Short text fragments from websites
● ● ● ●
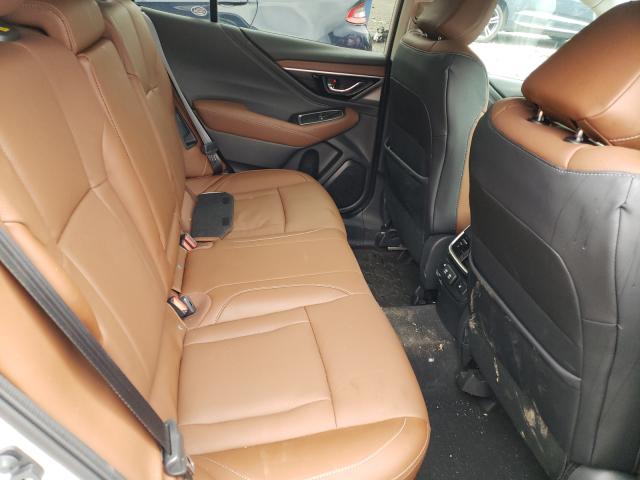 2021 SUBARU OUTBACK TO 4S4BTGPD9M3100521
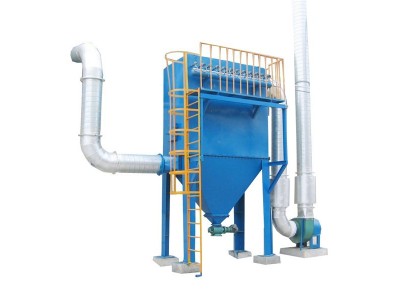 布袋除尘器定制/锅炉车间用脉冲袋式除尘设备图2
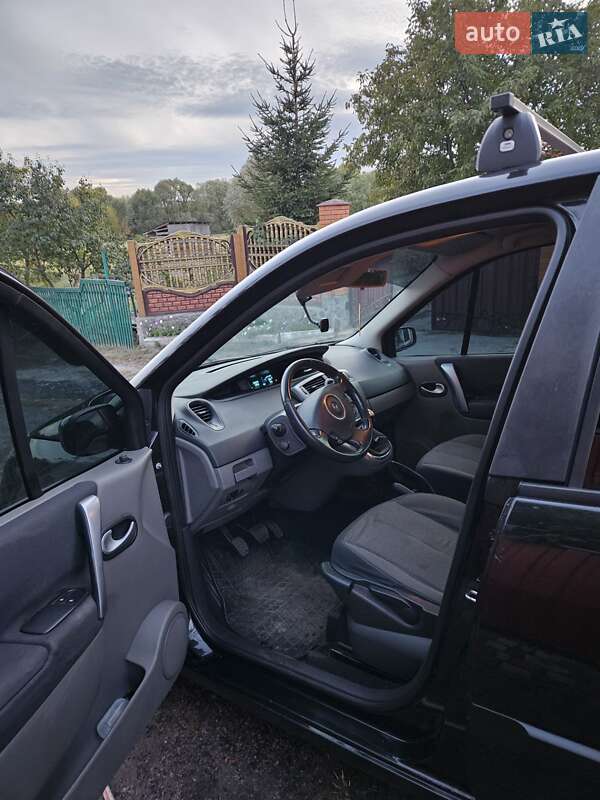 Минивэн Renault Scenic 2009 в Хороле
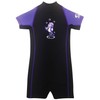 TWF Men's TWF Kids Seahorse Wetsuit Lilac 7 8 Year,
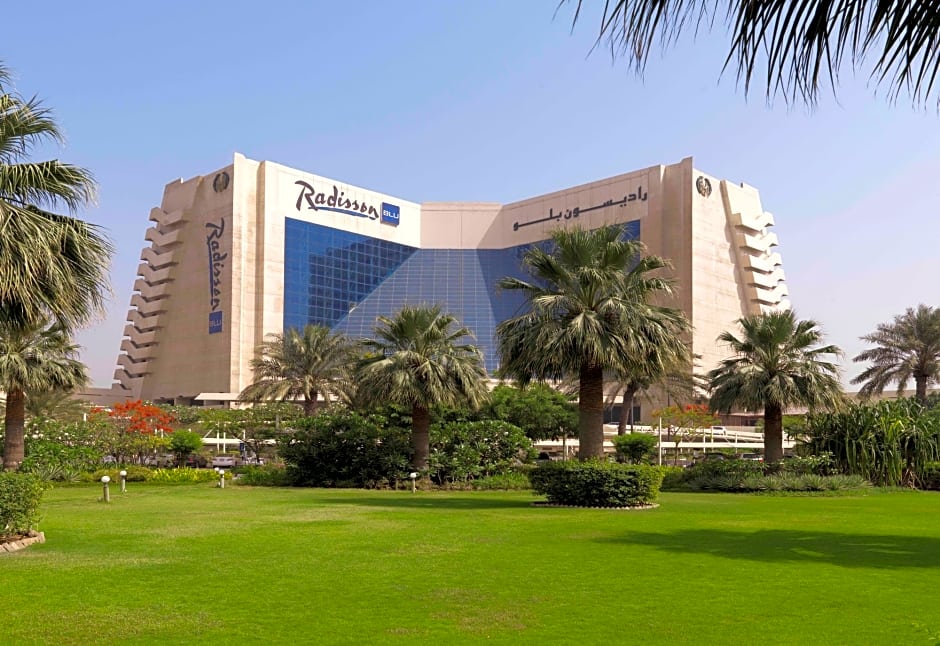 Radisson Blu Resort, Sharjah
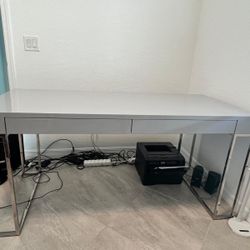 Modern Desk - $600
● ● ● ●
PROBLEM STATEMENT: Please copy every entry exactly, without the pictures.

THE COMPLETED TASK:
 2021 SUBARU OUTBACK TO 4S4BTGPD9M3100521
 布袋除尘器定制/锅炉车间用脉冲袋式除尘设备图2
 Минивэн Renault Scenic 2009 в Хороле
 TWF Men's TWF Kids Seahorse Wetsuit Lilac 7 8 Year,
 Radisson Blu Resort, Sharjah
 Modern Desk - $600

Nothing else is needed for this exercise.